GFL uses valuation techniques that it believes are appropriate in the circumstances and for which sufficient data are available to measure fair value, maximizing the use of relevant observable inputs and minimizing the use of unobservable inputs. All assets and liabilities for which fair value is measured or disclosed are categorized within the fair value hierarchy, described as follows, based on the lowest level input that is significant to the fair value measurement as a whole:

Level 1 — quoted prices in active markets for identical assets or liabilities that the reporting entity has the ability to access at the measurement date.

Level 2 —  inputs other than quoted prices included within level 1 that are observable for the asset or liability, either directly or indirectly.

Level 3 — are unobservable inputs for the asset or liability. Unobservable inputs are used to measure fair value to the extent that observable inputs are not available, thereby allowing for situations in which there is little, if any, market activity for the asset or liability at the measurement date.

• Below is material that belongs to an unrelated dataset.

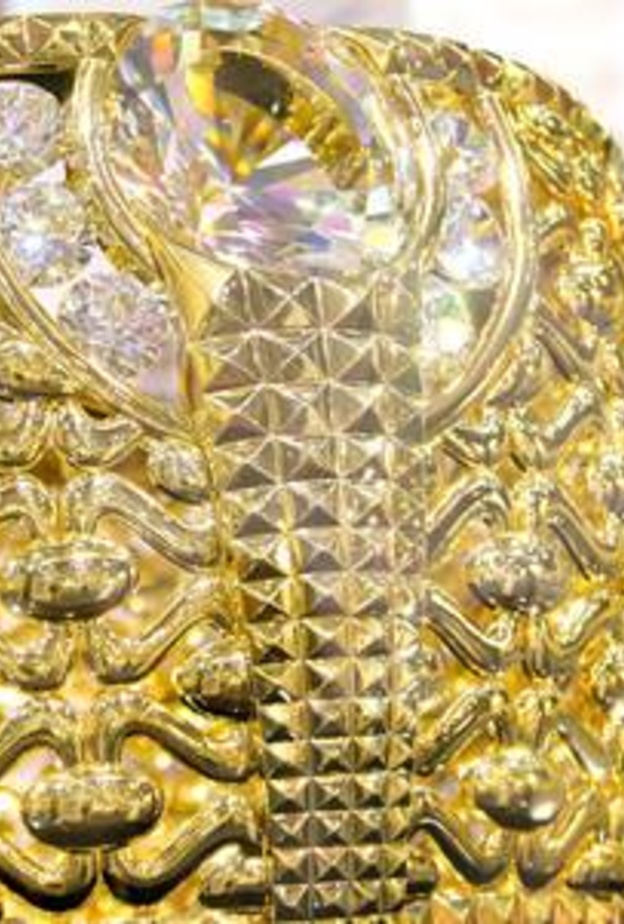 الشارقة للمجوهرات يعرض خاتماً من الذهب يزن 63.856 كيلوغراما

Critical accounting judgments and estimates

The preparation of the Annual Financial Statements in conformity with IFRS requires management to make estimates, assumptions and judgments that affect the reported amounts of assets, liabilities, revenue and expense for the period. Such estimates relate to unsettled transactions and events as of the date of the Annual Financial Statements. Accordingly, actual results may differ from estimated amounts as transactions are settled in the future. Estimates and assumptions are reviewed on an ongoing basis. Revisions to estimates are applied prospectively.

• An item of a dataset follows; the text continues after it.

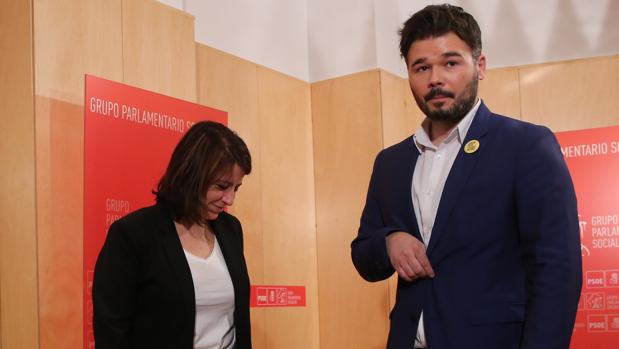 La portavoz socialista, Adriana Lastra, junto al portavoz de ERC, Gabriel Rufián, durante su reunión en el Congreso de los Diputados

The following areas are the critical judgments and estimates that management has made in applying GFL’s accounting policies and that have the most significant effect on amounts recognized in the Annual Financial Statements:

Determining the fair value of acquired assets and liabilities in business combinations, specifically the fair value of acquired intangible assets and acquired landfill assets
Estimating the amount and timing of the landfill closure and post-closure obligations, specifically the estimated future expenditures associated with landfill capping, closure and post-closure activities
Determining the key assumptions for impairment testing for long-lived assets

Foreign currency translation

Functional currency

Items related to GFL’s subsidiaries are measured using the currency of the primary economic environment in which each entity operates (the functional currency). Foreign currency transactions are translated into the functional currency of each entity using the exchange rates prevailing at the date of the transactions or valuation when items are re-measured. Foreign exchange gains and losses resulting from the settlement of such transactions and from the remeasurement at period-end exchange rates of monetary assets and liabilities denominated in foreign currencies are recognized in the consolidated statement of operations.

Foreign operations

GFL’s foreign operations are conducted through its subsidiaries located in the United States of America (“US subsidiaries”), whose functional currency is the United States dollar.

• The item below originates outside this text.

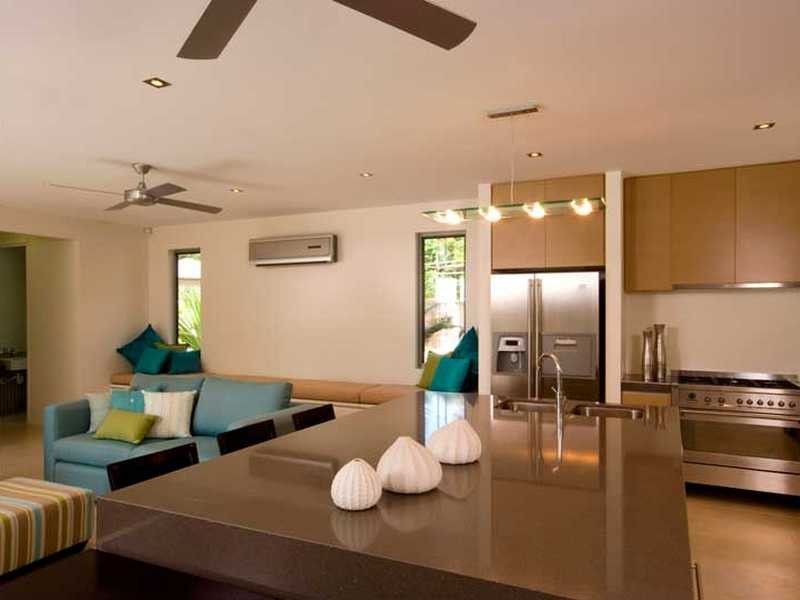 4 Muller Street, Palm Cove QLD 4879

The assets and liabilities of these US subsidiaries are translated into the presentation currency of GFL using the exchange rate at the reporting date. Revenues and expenses are translated at the average exchange rate for the period. The resulting foreign exchange translation differences are recorded as a currency translation adjustment in other comprehensive income or loss.

New and amended standards adopted

A number of amended standards became applicable for the current reporting period. GFL was not required to change its accounting policies or make retrospective adjustments as a result of adopting the applicable amended standards.

New accounting standards issued but not yet effective

Certain new accounting standards and interpretations have been published that are not mandatory for the current period and have not been early adopted. For those standards and interpretations applicable to GFL, they are not expected to have a material impact on the Annual Financial Statements in future periods.